Bernstein remains neutral on Nifty, 8-9% return expected this year

Investing.com — Bernstein Research has adopted a neutral outlook on the index, India’s benchmark stock market indicator. The brokerage is predicting a modest 8-9% return for the index in the current year.

This position comes amid a complex investment environment, where global and domestic factors interplay to shape market sentiment and investor strategies.

Bernstein’s neutral stance on the Nifty is rooted in its assessment that the Indian equity market is fully priced at current levels. 

This was drawn from extensive interactions with over 100 global investors, who expressed discomfort with market valuations but continue to invest due to persistent domestic flows. 

Despite the high valuations, cash levels among investors have not significantly increased, indicating a compulsion to remain invested, primarily driven by strong domestic liquidity.

The note flags a general lack of enthusiasm across various sectors.

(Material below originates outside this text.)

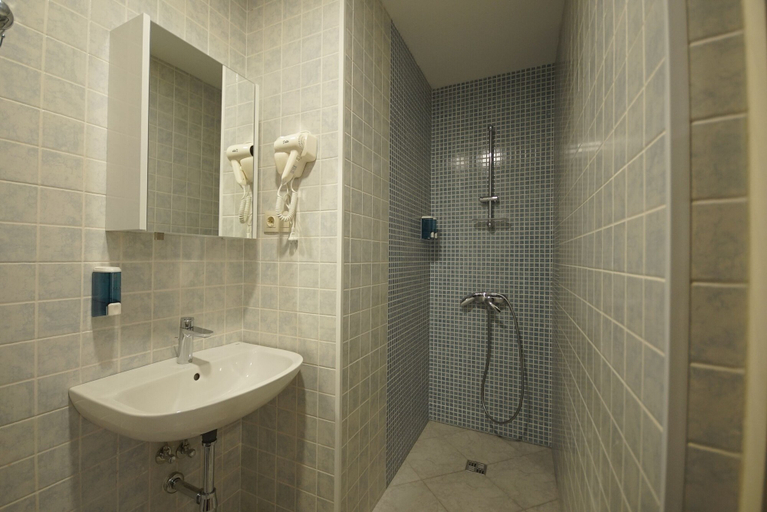 Bathroom 4, Hotel Cordata, Tbilisi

Investors have shown limited interest in sectors such as Fast-Moving Consumer Goods (FMCG), Autos, and IT services, mainly due to concerns over peak valuations and potential disruptions, such as the rise of Electric Vehicles (EVs) in the automotive sector. 

However, sectors like Telecom and Healthcare have garnered some interest, aligning with Bernstein’s overweight (OW) position on these sectors. The real estate sector, despite its challenges, continues to attract attention due to its potential for growth.

Bernstein categorizes the current phase of the bull market as the end of the “Acceptance Phase,” where hefty valuations have become the norm, but rational investing still prevails. 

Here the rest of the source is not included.